Density in Mujoco Environments doesn't seem to change
jsalfity-hplabs opened this issue · 1 comments
Great work! We are trying to replicate your experiments.
Description of our setup - Ubuntu 16.04, installed rl-generalization and docker using the install instructions given in readme.

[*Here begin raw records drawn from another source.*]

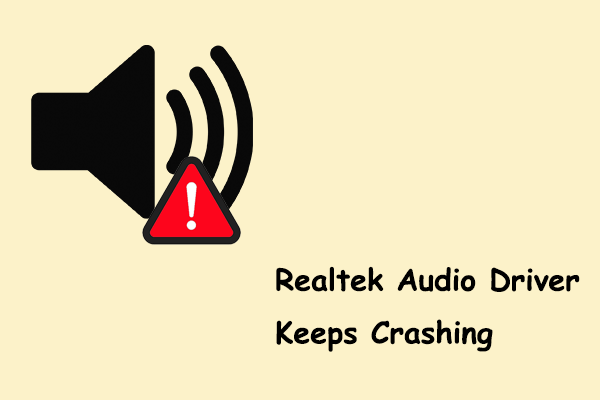 Memperbaiki: Driver Audio Realtek Terus Crash di Windows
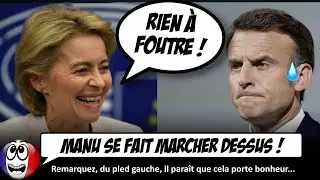 Macron se fait HUMILIER par Ursula von der Leyen, et Catherine Vautrin se VAUTRE...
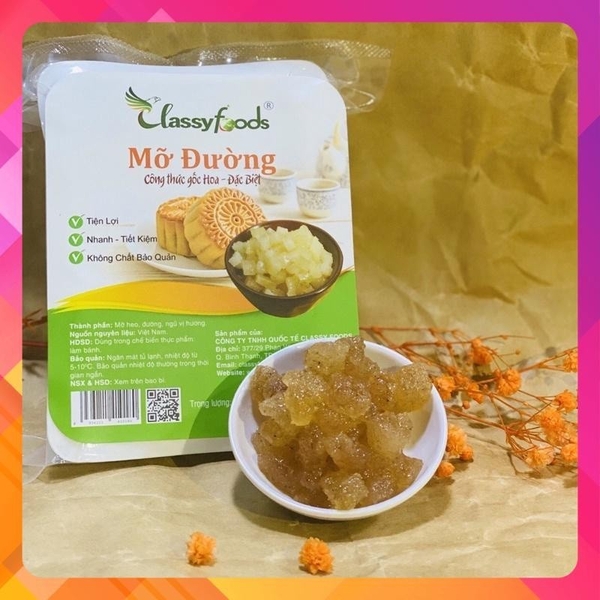 MỠ ĐƯỜNG LÀM NHÂN THẬP CẨM( giao thương hiệu ngẫu nhiên )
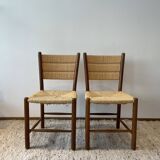 Pair of mulched chairs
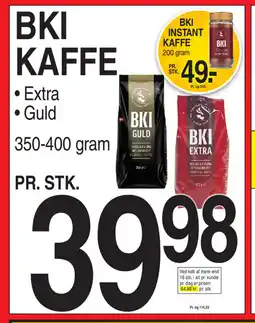 ABC Lavpris BKI Kaffe tilbud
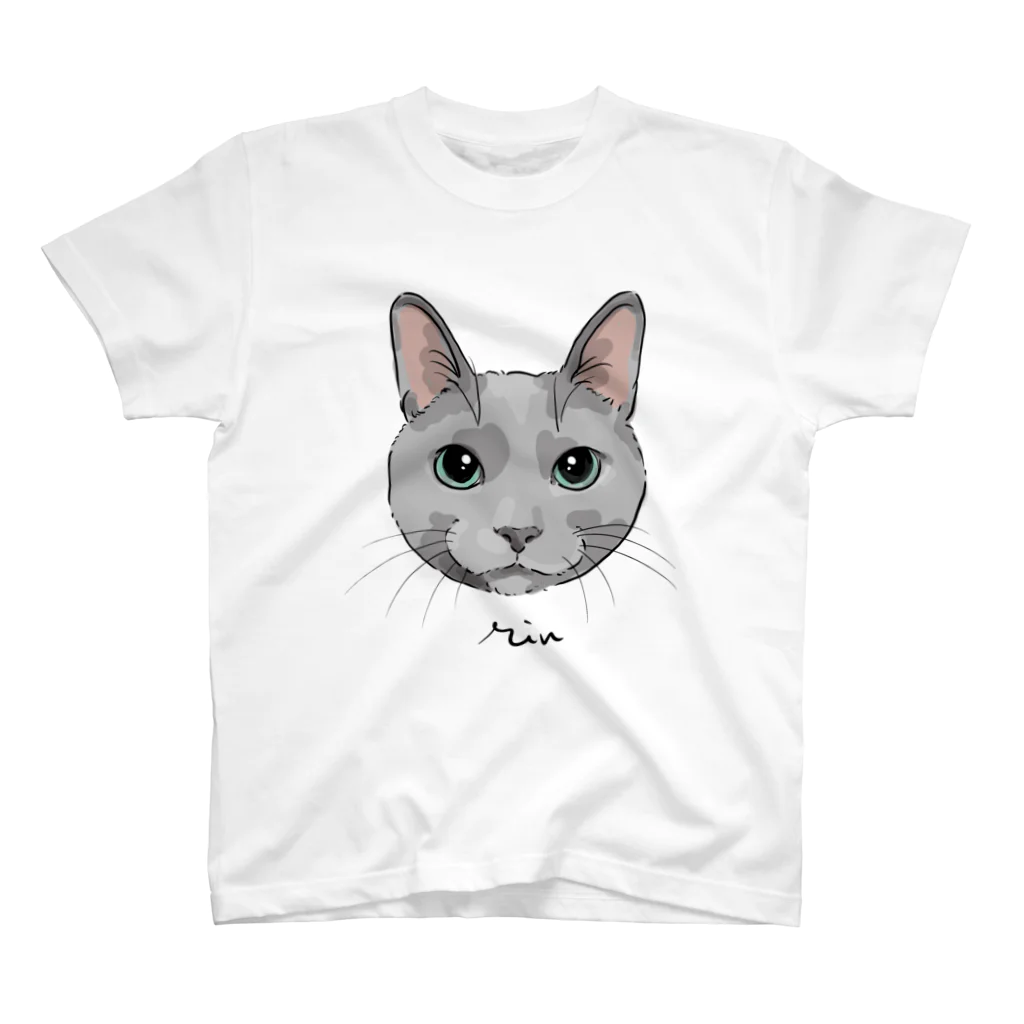 みきぞーん｜保護猫 ミッキー画伯と肉球とおともだちのrin Regular Fit T-Shirt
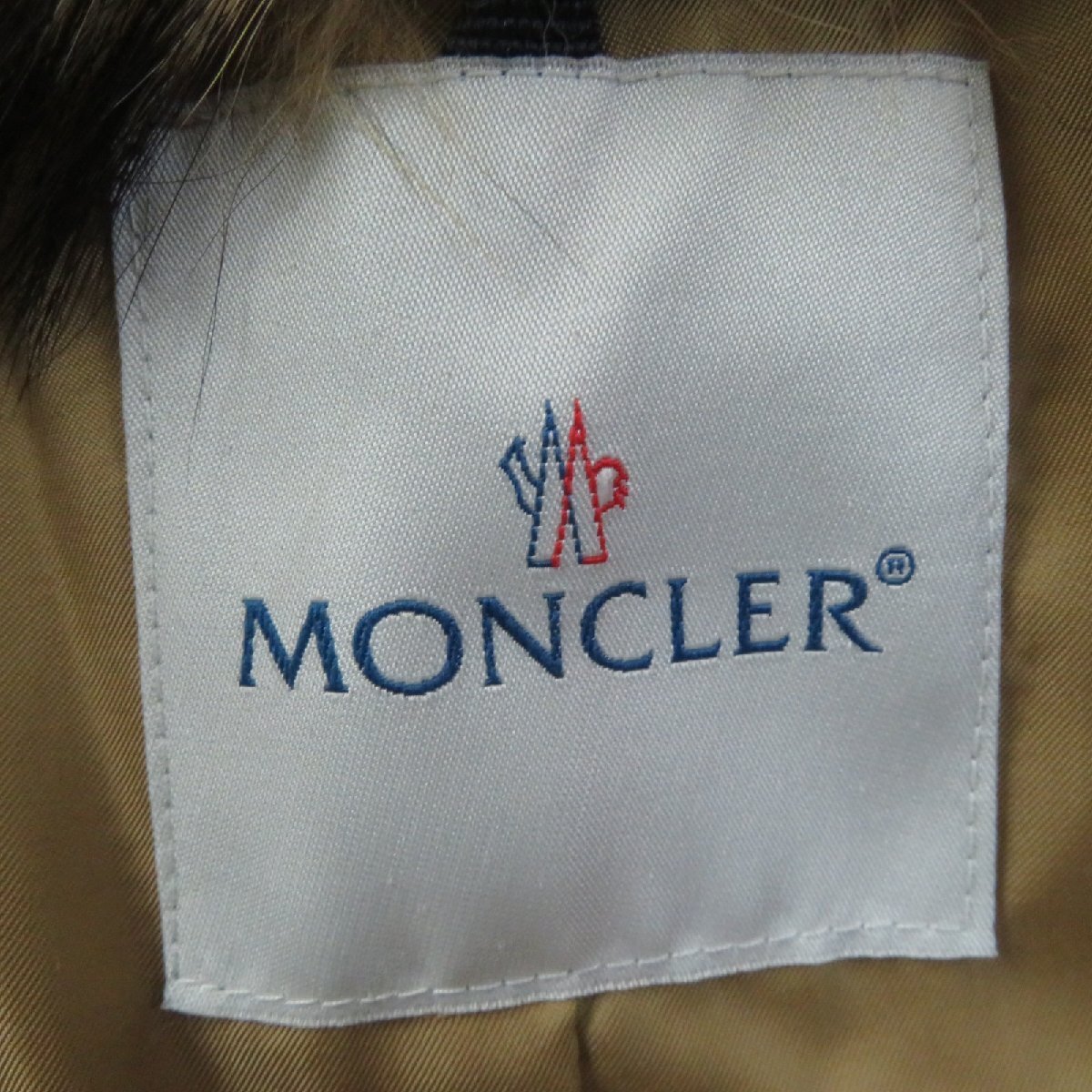 未使用品☆MONCLER モンクレール 定価483000円 SUNSHINE ラクーン・ラビットファー付 ダウンコート ライトブラウン 0 正規品 レディース_画像8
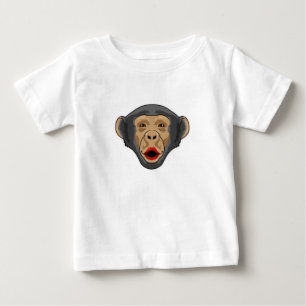 Monkey with Kiss mouth Baby T-Shirt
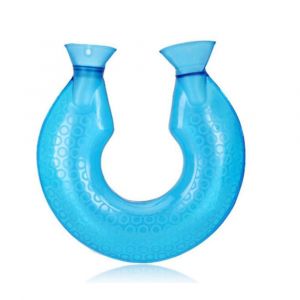 Chauffe-Cou Médical En Forme De U, Sac En Pvc Transparent, Chaud Et Apaisant, Bouillotte (Bleu) - Neuf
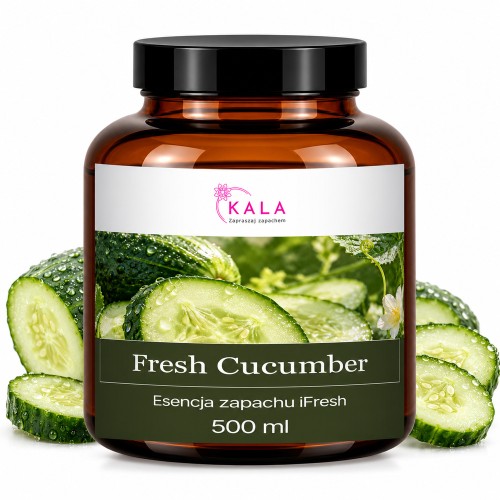 Olejek zapachowy Kala iFresh Fresh Cucumber 500 ml – butelka i nuty zapachu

We came across an interesting bug that seems incorrect. We wanted to see the performance of HalfCheetah when only varying density so we ran python -m examples.run_experiments examples/test_density.yml /tmp/output
with the following yml file
models:
# PPO2 Baselines.
- name: PPO2
train:
command: |
python3 -m examples.ppo2_baselines.train
--env {environment}
--output {output}
--total-episodes {episodes}
--lr {lr}
--nsteps {nsteps}
--nminibatches {nminibatches}
--policy {policy}
output: 'checkpoints/*'
parameters: 'env-parameters-*.json'
evaluate:
command: |
python3 -m examples.ppo2_baselines.evaluate
--env {environment}
--outdir {output}
--eval-n-trials 1000
--eval-n-parallel 1
{model}
output: 'evaluation.json'
hyperparameters:
episodes: 1500000
policy: 'mlp'
lr: [0.0003]
nsteps: [256]
nminibatches: 1
#############################################################################
environments:
- train: SunblazeHalfCheetah-v0
test:
- SunblazeHalfCheetah-v0
- SunblazeHalfCheetahRandomExtreme-v0 #edited so only density is changing
and with SunblazeHalfCheetahRandomExtreme only changing the density to 1000000 in mujoco.py
as below:
class RandomExtremeHalfCheetah(RoboschoolXMLModifierMixin, ModifiableRoboschoolHalfCheetah): #edited to only change density
def randomize_env(self):
self.density = 1000000 #manually changed density value
with self.modify_xml('half_cheetah.xml') as tree:
for elem in tree.iterfind('worldbody/body/geom'):
elem.set('density', str(self.density))
def _reset(self, new=True):
if new:
self.randomize_env()
return super(RandomExtremeHalfCheetah, self)._reset(new)
@property
def parameters(self):
parameters = super(RandomExtremeHalfCheetah, self).parameters
parameters.update({'density': self.density})
return parameters
Looking at the json output of run_experiments
, the SunblazeHalfCheetah
model testing reward on both the SunblazeHalfCheetah
and SunblazeHalfCheetahRandomExtreme
(with density manually set to 1000000) are nearly the same. Last 2 rewards of both testing environments below:
"environment": {"id": "SunblazeHalfCheetah-v0"}, "reward": [26.933929443359375]}, {"success": false, "model": "examples/test_density_output/PPO2/SunblazeHalfCheetah-v0/checkpoints/182420", "environment": {"id": "SunblazeHalfCheetah-v0"}, "reward": [30.036670684814453]}, {"success": false, "model": "examples/test_density_output/PPO2/SunblazeHalfCheetah-v0/checkpoints/182420", "environment": {"id": "SunblazeHalfCheetah-v0"}, "reward": [25.795215606689453]}]}
"environment": {"id": "SunblazeHalfCheetahRandomExtreme-v0", "density": 1000000000}, "model": "examples/test_density_output/PPO2/SunblazeHalfCheetah-v0/checkpoints/182420"}, {"success": false, "reward": [40.01738739013672], "environment": {"id": "SunblazeHalfCheetahRandomExtreme-v0", "density": 1000000000}, "model": "examples/test_density_output/PPO2/SunblazeHalfCheetah-v0/checkpoints/182420"}, {"success": false, "reward": [26.907756805419922], "environment": {"id": "SunblazeHalfCheetahRandomExtreme-v0", "density": 1000000000}, "model": "examples/test_density_output/PPO2/SunblazeHalfCheetah-v0/checkpoints/182420"}]}
How can we confirm the density is changing? It doesn't seem logical that the Mujoco HalfCheetah simulation should be able to move at all given a density of 1000000 nor have similar testing rewards to the nominal environment.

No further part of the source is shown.